World Economic Forum Helps ‘Improve Global Cooperation’ Surrounding Health Issues
Meetings such as the World Economic Forum (WEF) “are highly beneficial for the health sector, since there is a genuine need for reaching out to non-state actors in the midst of the many transformations shaping global and domestic health sector public policy,” Sania Nishtar, founder of Heartfile and Heartfile Health Financing, writes in a Huffington Post opinion piece. “But that is not all the World Economic Forum is doing for health.

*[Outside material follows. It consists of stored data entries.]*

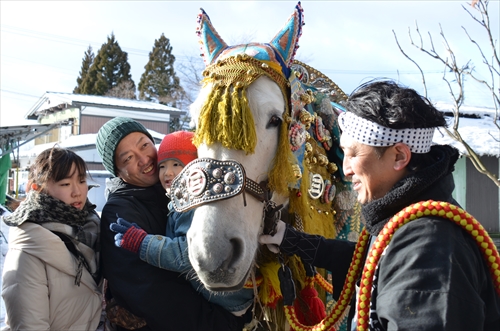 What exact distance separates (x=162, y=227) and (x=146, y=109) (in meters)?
25.5

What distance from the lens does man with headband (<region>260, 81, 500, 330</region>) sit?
122 cm

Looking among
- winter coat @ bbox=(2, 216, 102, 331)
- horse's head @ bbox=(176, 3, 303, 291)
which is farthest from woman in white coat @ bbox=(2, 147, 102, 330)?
horse's head @ bbox=(176, 3, 303, 291)

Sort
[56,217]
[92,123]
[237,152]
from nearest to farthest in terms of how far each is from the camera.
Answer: [237,152], [56,217], [92,123]

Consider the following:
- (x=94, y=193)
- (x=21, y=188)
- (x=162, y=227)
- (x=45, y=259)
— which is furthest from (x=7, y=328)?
(x=21, y=188)

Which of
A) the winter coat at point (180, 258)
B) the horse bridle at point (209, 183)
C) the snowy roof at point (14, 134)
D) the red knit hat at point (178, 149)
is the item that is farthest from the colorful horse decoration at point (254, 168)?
the snowy roof at point (14, 134)

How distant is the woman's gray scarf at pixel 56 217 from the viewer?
2.35 m

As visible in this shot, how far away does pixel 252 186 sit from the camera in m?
2.18

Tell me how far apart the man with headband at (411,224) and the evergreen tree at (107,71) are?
39.6 meters

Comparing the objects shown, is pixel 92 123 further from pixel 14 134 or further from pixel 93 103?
pixel 14 134

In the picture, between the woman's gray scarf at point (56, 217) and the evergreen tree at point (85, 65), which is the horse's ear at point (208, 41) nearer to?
the woman's gray scarf at point (56, 217)

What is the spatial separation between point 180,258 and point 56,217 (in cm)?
75

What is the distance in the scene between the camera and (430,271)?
4.08ft

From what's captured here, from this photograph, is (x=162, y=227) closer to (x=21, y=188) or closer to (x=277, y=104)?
(x=277, y=104)

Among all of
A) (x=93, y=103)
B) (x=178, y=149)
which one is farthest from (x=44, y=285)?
(x=93, y=103)
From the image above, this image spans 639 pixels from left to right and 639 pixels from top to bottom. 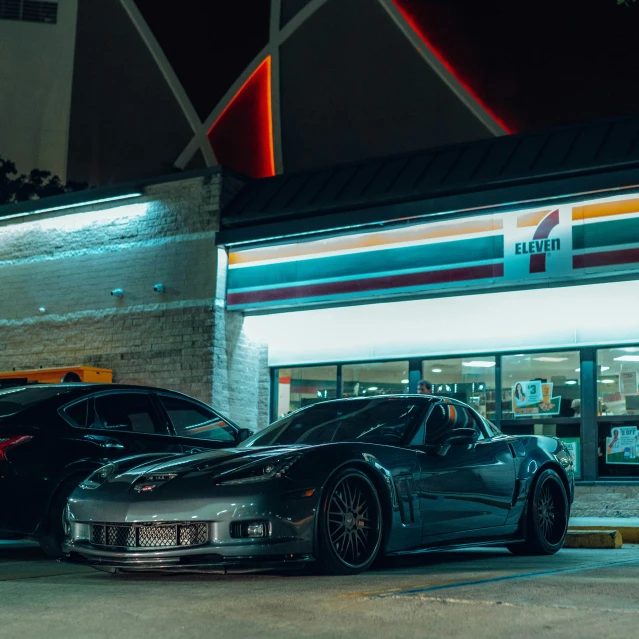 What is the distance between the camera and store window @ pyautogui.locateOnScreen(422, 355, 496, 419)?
15703mm

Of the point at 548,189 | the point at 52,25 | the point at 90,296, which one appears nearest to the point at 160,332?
the point at 90,296

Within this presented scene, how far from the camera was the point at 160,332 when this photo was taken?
57.0ft

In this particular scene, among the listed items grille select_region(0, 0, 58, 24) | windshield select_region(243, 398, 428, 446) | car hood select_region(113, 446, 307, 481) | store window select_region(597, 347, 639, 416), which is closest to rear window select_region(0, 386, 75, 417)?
windshield select_region(243, 398, 428, 446)

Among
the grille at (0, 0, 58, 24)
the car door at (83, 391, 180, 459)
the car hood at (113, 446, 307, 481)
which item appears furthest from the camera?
the grille at (0, 0, 58, 24)

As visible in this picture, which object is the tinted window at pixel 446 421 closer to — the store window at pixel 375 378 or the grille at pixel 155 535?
the grille at pixel 155 535

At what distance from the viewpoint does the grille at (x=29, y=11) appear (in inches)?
1212

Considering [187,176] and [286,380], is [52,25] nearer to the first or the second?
[187,176]

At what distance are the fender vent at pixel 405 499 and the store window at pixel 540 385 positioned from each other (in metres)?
8.55

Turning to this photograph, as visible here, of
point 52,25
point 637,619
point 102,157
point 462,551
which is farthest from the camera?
point 52,25

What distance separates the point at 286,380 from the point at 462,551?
905cm

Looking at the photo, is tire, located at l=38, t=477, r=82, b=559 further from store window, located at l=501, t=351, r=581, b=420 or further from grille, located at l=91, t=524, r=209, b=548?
store window, located at l=501, t=351, r=581, b=420

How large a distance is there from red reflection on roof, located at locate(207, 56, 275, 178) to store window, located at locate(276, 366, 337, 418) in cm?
735

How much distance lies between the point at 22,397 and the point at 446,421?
3.61 m

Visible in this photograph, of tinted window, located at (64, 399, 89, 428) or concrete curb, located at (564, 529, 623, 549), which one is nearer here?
tinted window, located at (64, 399, 89, 428) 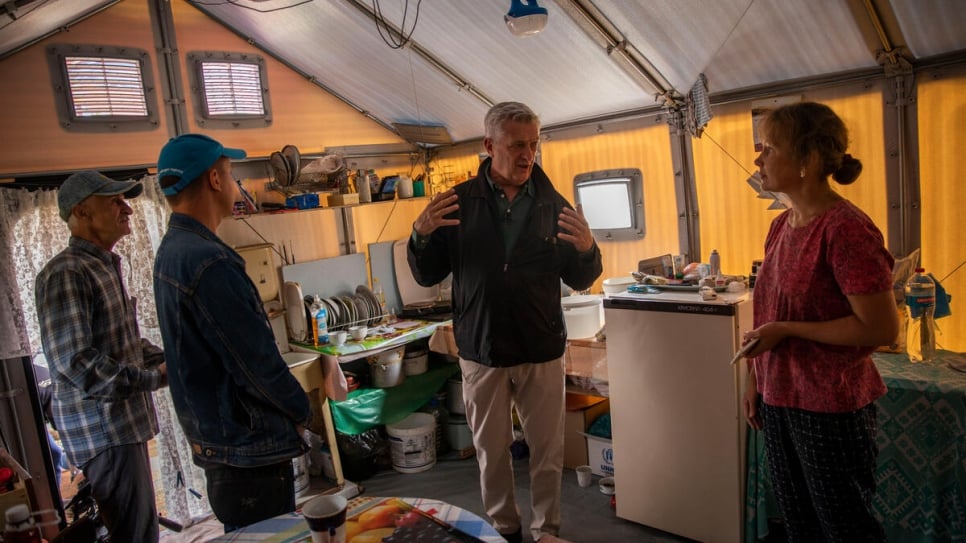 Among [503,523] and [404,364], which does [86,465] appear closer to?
[503,523]

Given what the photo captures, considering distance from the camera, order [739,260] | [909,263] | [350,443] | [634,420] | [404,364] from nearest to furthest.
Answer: [909,263] < [634,420] < [739,260] < [350,443] < [404,364]

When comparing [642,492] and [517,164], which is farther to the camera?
[642,492]

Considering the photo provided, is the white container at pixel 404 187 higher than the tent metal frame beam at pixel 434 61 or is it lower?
lower

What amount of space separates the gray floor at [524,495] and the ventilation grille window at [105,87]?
246cm

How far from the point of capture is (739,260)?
3.02 meters

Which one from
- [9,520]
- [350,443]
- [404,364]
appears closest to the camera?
[9,520]

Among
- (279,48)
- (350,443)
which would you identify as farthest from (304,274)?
(279,48)

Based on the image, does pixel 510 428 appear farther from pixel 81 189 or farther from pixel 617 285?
pixel 81 189

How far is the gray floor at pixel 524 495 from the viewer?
108 inches

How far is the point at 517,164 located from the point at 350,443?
217 cm

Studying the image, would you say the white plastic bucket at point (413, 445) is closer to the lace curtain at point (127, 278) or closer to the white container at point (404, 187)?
the lace curtain at point (127, 278)

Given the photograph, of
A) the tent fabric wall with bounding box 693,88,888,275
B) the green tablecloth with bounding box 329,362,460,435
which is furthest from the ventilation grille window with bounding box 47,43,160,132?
the tent fabric wall with bounding box 693,88,888,275

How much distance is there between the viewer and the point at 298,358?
11.3 feet

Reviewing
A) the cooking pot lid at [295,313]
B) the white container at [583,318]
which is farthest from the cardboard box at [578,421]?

It is also contributing substantively in the normative and advocacy space,” according to Nishtar, who uses non-communicable diseases (NCDs) as an example. “By identifying NCDs as the top 10 risks to the world in WEF’s Global Risk Reports for two consecutive years (2009 and 2010) it helped raise concern, globally, at a time when it mattered the most,” especially leading up to last year’s U.N. High Level Meeting, she writes.

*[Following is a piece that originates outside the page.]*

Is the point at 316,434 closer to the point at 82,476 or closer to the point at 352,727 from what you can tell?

“The World Economic Forum’s ability to bring together public and private actors creates a much needed space to explore the potential of engagement with the private sector to achieve Health For All,” Nishtar writes, concluding, “By enabling communication, WEF is helping narrow the existing public-private divide in conventional multilateralism and is helping improve global cooperation and understanding. The insights can inform the design of new institutions of global governance” (2/6).
The KFF Daily Global Health Policy Report summarized news and information on global health policy from hundreds of sources, from May 2009 through December 2020. All summaries are archived and available via search.